Pearl, who fell in love with Spooky when he rescued her from captivity by abusive witches who were enslaving her in her own house in one comic-book issue, is always trying to stop him from scaring, by reprimanding him, keeping an eagle-eye on him, staying with him all day, threatening to break up with him, or dating other ghost-guys. Whenever she does, she always ends up finding fault with her new date and thinking Spooky is better by comparison, so she returns to him. Spooky is always finding ways to keep his scaring secret from Pearl, sometimes by making it appear that someone else did it.

After several appearances in Casper the Friendly Ghost, Spooky moved to several spin-off titles, including Spooky Spooktown (1961–1976), Spooky Haunted House (1972-1975) and Tuff Ghosts Starring Spooky (1962–1972). The original ran until #161 in September 1980.

==In other media==
Spooky made four theatrical films with Casper, Hide & Shriek (1954), Hooky Spooky (1957), Which Is Witch (1958), and Doing What's Fright (1959).

Spooky is part of the 1963 animated television series The New Casper Cartoon Show, which ran from 1963 to 1969.

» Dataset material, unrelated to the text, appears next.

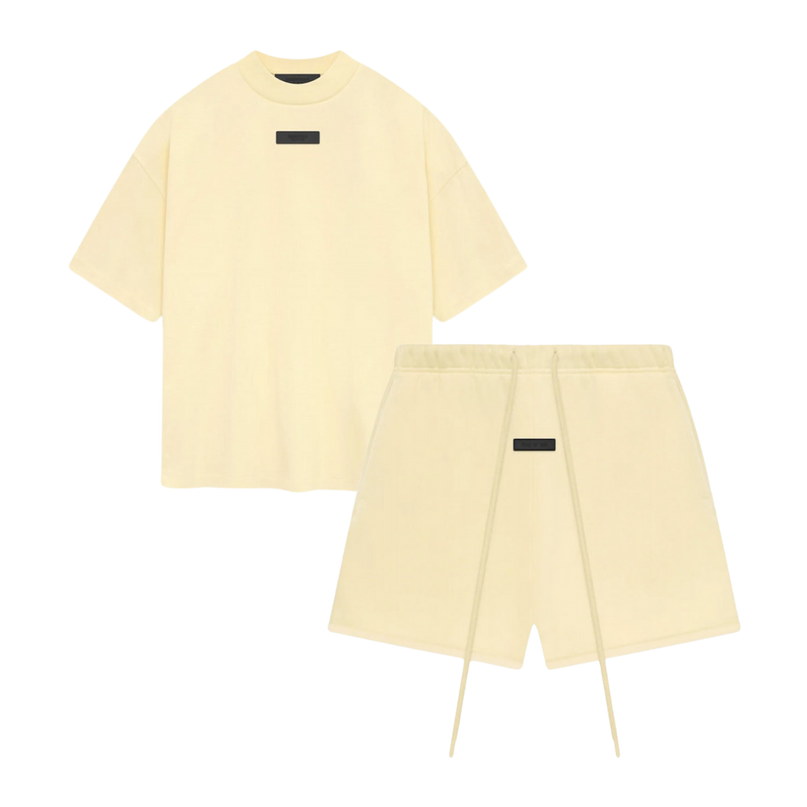 Fear of God Essentials Garden Gelbes Sommerset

In 1996, after the success of the 1995 Casper feature film, a new animated show, The Spooktacular New Adventures of Casper, premiered on Fox Kids, with Spooky as one of the regular characters, voiced by Rob Paulsen. In the 2000 animated film Casper's Haunted Christmas, Spooky's voice was provided by Samuel Vincent.

Spooky made an appearance in "Scare Bud", a fourth season episode of Harvey Girls Forever!, voiced by Mike Carlsen.